= Exercise description =
Starting with the line that contains "Barrière pour parc de jeux d'enfants", copy every remaining line of the data below exactly, the last one included.

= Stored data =
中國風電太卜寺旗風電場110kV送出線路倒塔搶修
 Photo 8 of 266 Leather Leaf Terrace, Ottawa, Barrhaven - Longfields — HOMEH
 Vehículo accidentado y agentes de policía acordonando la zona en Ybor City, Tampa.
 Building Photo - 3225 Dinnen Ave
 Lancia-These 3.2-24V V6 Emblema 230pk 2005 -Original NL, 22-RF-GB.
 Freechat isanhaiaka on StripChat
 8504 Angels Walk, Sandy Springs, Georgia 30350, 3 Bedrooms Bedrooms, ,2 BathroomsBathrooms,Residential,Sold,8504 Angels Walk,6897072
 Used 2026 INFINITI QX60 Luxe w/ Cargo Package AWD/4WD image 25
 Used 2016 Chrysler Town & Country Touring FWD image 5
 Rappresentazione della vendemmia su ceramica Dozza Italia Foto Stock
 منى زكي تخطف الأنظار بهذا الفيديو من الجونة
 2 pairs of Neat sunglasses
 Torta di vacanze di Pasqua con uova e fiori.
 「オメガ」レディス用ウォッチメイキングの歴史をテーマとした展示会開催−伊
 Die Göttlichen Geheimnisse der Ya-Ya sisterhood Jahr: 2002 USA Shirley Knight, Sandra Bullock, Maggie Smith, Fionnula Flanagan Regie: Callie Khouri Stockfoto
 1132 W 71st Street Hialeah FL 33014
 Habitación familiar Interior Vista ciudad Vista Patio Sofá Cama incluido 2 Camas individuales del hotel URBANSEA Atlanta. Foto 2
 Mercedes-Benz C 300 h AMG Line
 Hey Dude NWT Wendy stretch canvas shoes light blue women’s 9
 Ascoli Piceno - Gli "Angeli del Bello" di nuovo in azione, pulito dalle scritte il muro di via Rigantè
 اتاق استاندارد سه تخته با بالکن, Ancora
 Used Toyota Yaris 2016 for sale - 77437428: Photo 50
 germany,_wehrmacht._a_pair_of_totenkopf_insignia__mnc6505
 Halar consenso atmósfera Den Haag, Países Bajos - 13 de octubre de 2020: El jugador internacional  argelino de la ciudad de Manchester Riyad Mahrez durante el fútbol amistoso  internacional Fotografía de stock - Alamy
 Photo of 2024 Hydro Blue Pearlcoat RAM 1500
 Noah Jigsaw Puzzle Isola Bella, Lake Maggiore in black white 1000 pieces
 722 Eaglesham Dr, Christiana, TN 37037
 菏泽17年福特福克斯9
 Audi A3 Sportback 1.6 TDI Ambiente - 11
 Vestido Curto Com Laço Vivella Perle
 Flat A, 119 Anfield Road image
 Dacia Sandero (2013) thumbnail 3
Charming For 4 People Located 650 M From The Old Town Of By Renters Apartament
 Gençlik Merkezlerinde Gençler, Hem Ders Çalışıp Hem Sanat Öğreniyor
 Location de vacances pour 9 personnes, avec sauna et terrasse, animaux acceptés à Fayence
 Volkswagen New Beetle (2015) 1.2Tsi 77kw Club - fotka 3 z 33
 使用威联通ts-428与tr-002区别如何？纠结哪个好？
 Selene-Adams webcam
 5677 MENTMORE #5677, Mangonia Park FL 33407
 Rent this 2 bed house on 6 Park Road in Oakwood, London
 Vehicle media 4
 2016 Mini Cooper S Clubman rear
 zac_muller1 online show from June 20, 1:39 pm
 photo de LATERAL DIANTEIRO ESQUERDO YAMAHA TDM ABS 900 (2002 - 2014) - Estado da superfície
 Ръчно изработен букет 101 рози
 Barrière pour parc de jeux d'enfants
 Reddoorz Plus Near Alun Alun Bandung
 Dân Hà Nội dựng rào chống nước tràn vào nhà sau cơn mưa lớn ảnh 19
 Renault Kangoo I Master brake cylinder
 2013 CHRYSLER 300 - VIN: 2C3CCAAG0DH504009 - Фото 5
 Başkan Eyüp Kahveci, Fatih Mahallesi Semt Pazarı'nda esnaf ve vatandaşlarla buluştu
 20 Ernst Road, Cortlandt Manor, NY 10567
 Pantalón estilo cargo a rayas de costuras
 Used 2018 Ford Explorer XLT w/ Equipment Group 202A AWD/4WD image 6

= Your response =
 Barrière pour parc de jeux d'enfants
 Reddoorz Plus Near Alun Alun Bandung
 Dân Hà Nội dựng rào chống nước tràn vào nhà sau cơn mưa lớn ảnh 19
 Renault Kangoo I Master brake cylinder
 2013 CHRYSLER 300 - VIN: 2C3CCAAG0DH504009 - Фото 5
 Başkan Eyüp Kahveci, Fatih Mahallesi Semt Pazarı'nda esnaf ve vatandaşlarla buluştu
 20 Ernst Road, Cortlandt Manor, NY 10567
 Pantalón estilo cargo a rayas de costuras
 Used 2018 Ford Explorer XLT w/ Equipment Group 202A AWD/4WD image 6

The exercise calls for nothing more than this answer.